WORK TO COMPLETE: Write out each record exactly as it stands. No pictures belong in the copy.

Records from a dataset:
######

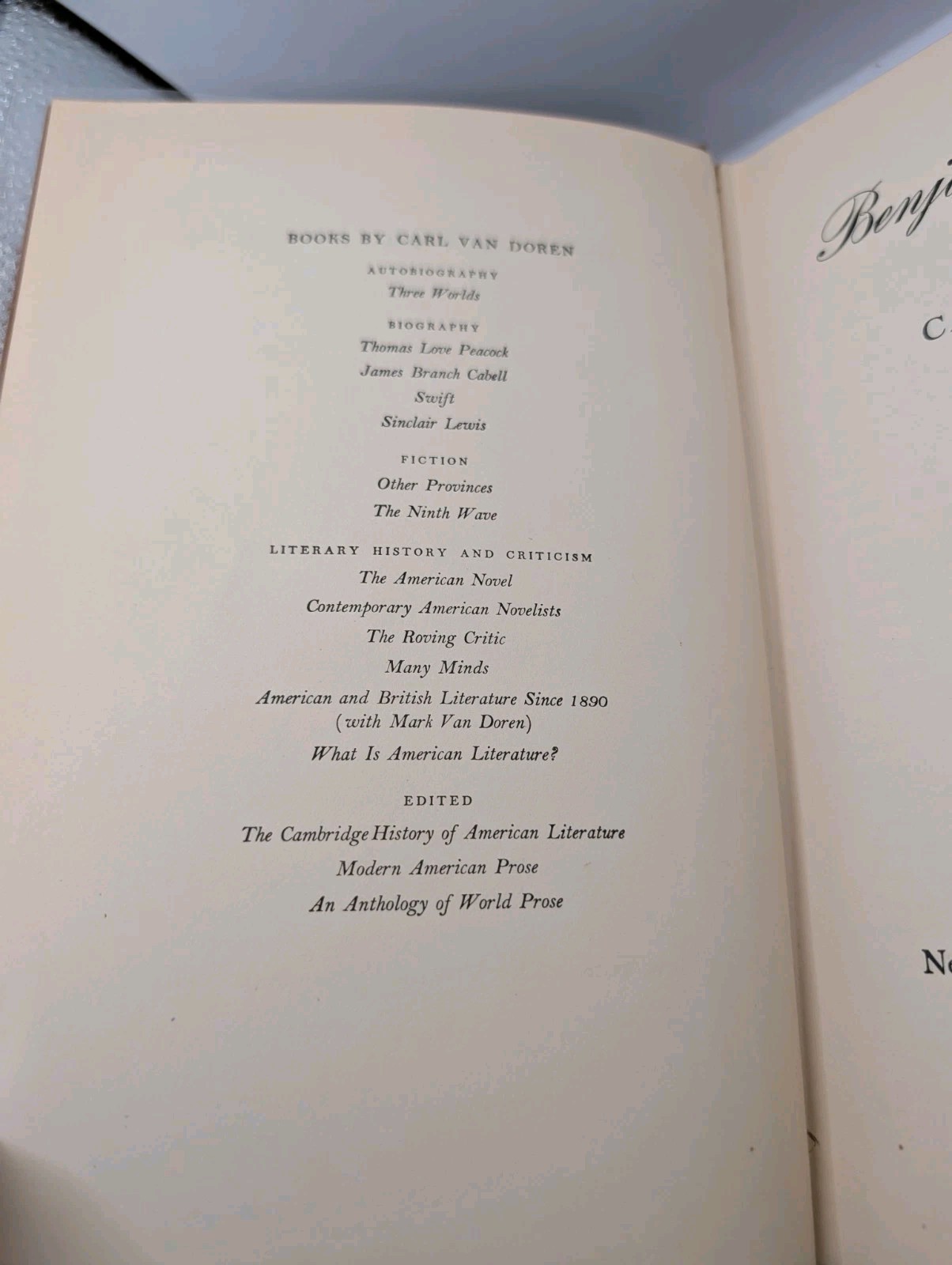 Van Doren, Carl: Benjamin Franklin **Pulitzer** HB/No DJ 1st Thus, 1938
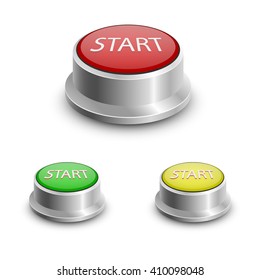 Coloured buttons start. Vector illustration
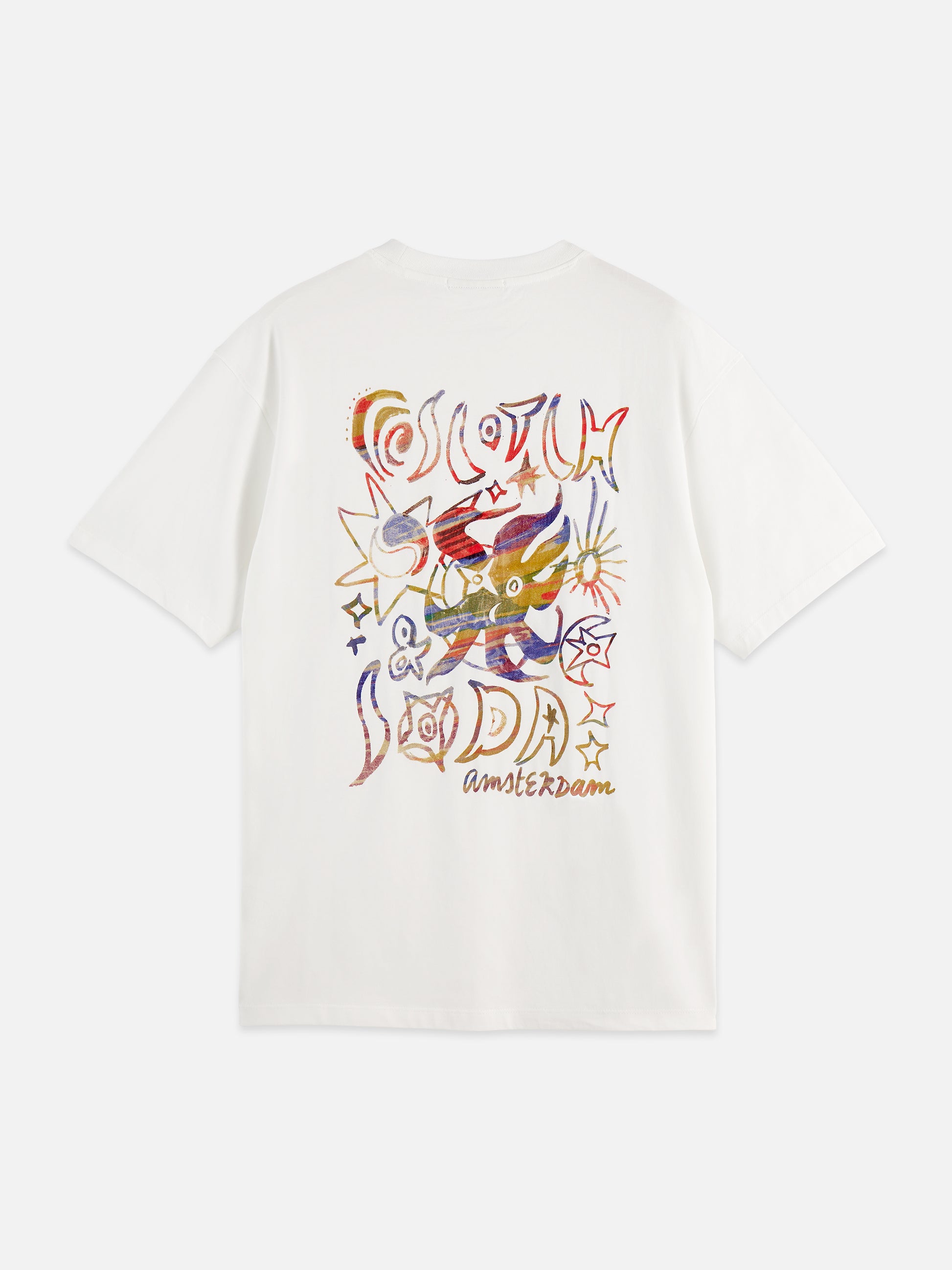 Lavender FRONT AND BACK ARTWORK RELAXED-FIT T-SHIRT טי שירט קצרה SCOTCH & SODA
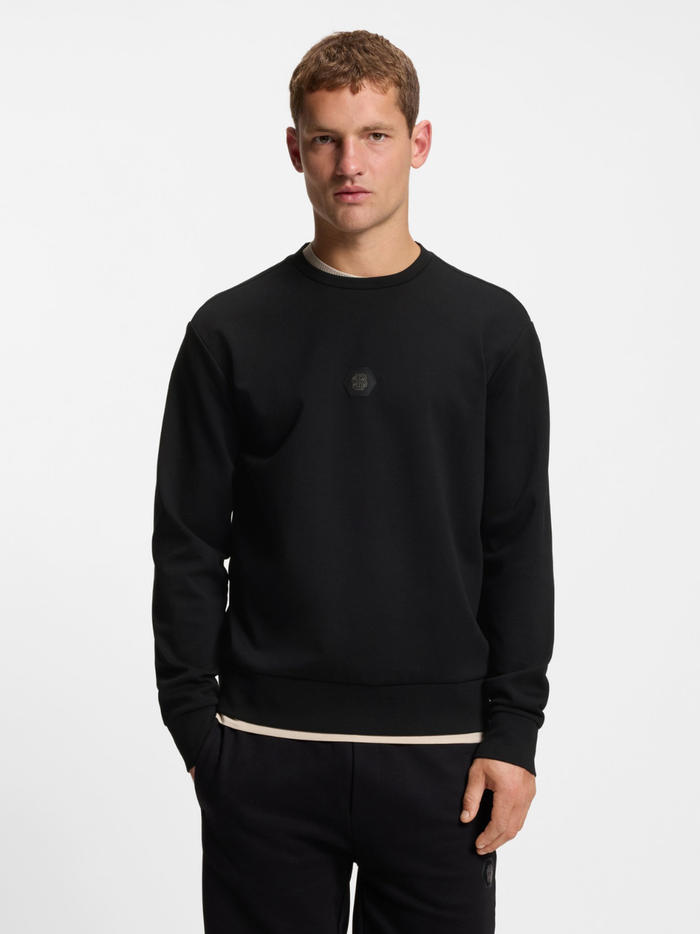 BOSS Cotton-Blend Sweatshirt With Double B Monogram Black - MAISONDEFASHION.COM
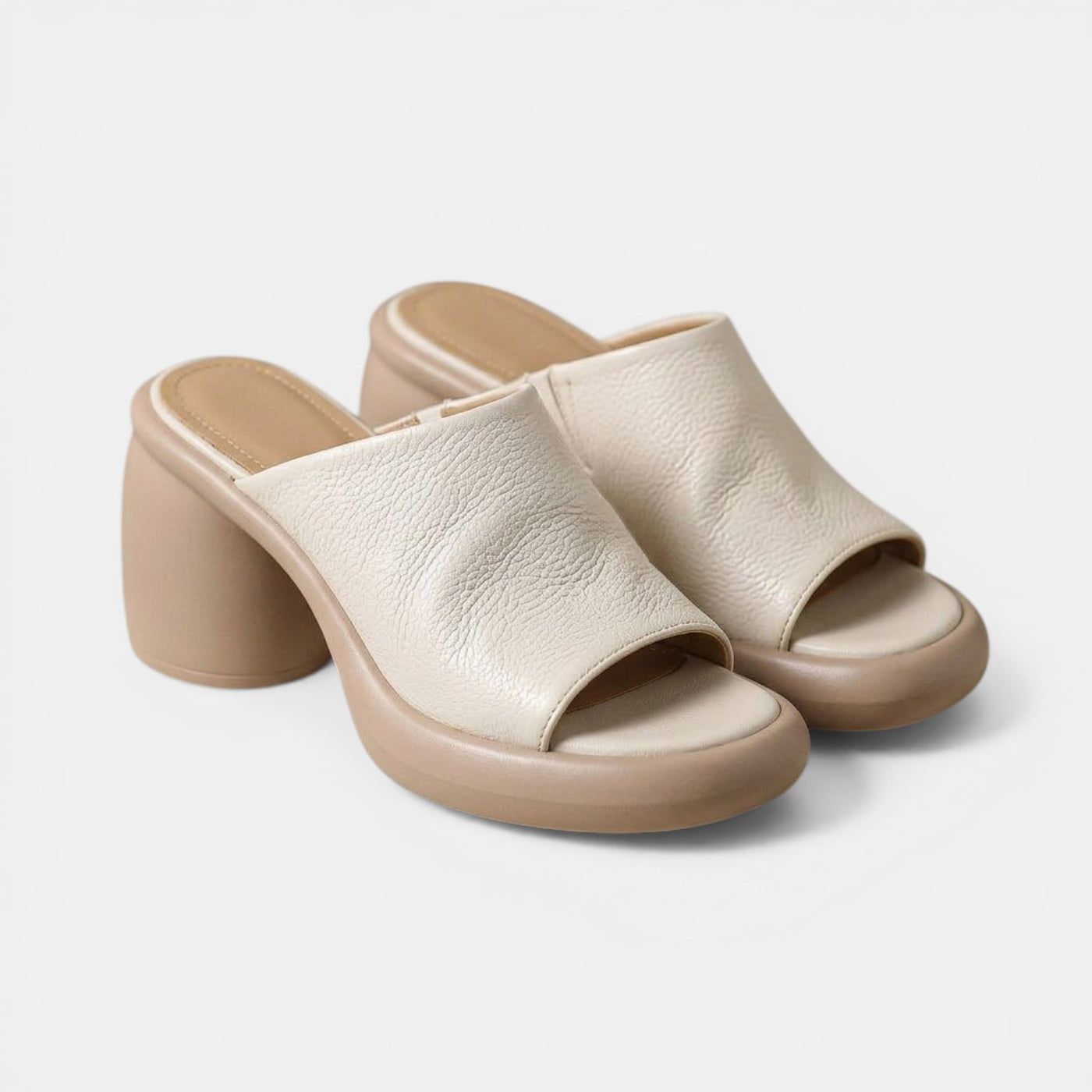 White Leather Platform Sandals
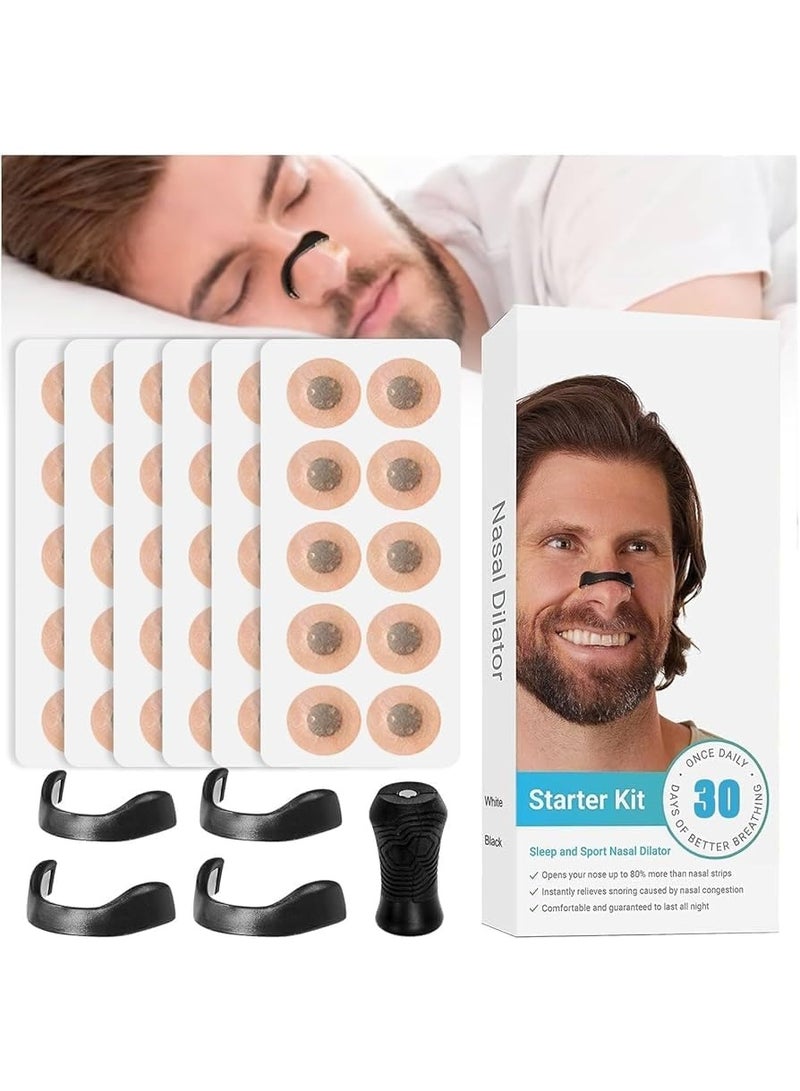Generic -Nasal Breathing Support Kit – 30 Double Piece Set (30-Day supply, Black) | Anti-Snoring Airflow Strips with 4 Sizes for Custom Fit | Comfortable, Skin-Friendly, Sweat-Resistant Design  - Image 1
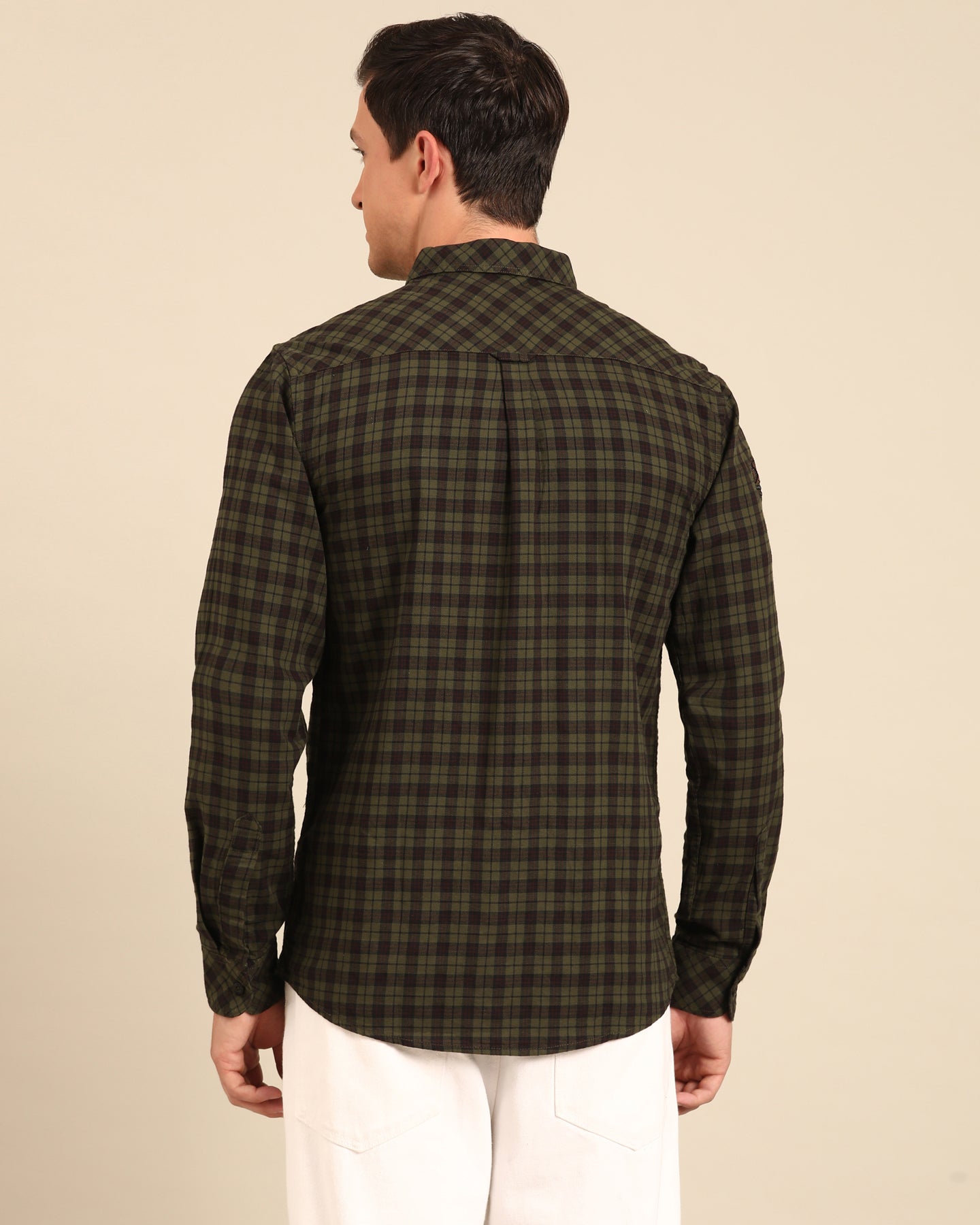 Over Yarn Dyed Tartan Plaid Olive-Maroon Full Sleeve Shirt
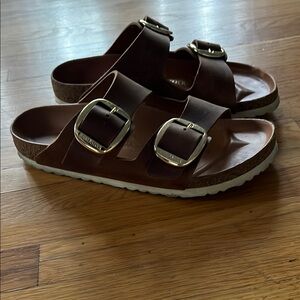 Brown Double Buckle Sandals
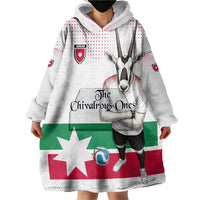Personalized Jordan Football Wearable Blanket Hoodie The Chivalrous Ones Oryx Mascot Patriotic Halftone Dot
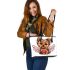 Cute yorkshire terrier with angel wings and heart leather tote bag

######

ANSWER SECTION:
 Van Doren, Carl: Benjamin Franklin **Pulitzer** HB/No DJ 1st Thus, 1938
 Coloured buttons start. Vector illustration
 Lavender FRONT AND BACK ARTWORK RELAXED-FIT T-SHIRT טי שירט קצרה SCOTCH & SODA
 BOSS Cotton-Blend Sweatshirt With Double B Monogram Black - MAISONDEFASHION.COM
 White Leather Platform Sandals
Generic -Nasal Breathing Support Kit – 30 Double Piece Set (30-Day supply, Black) | Anti-Snoring Airflow Strips with 4 Sizes for Custom Fit | Comfortable, Skin-Friendly, Sweat-Resistant Design  - Image 1
 Over Yarn Dyed Tartan Plaid Olive-Maroon Full Sleeve Shirt
 Brown Double Buckle Sandals
Personalized Jordan Football Wearable Blanket Hoodie The Chivalrous Ones Oryx Mascot Patriotic Halftone Dot
 Cute yorkshire terrier with angel wings and heart leather tote bag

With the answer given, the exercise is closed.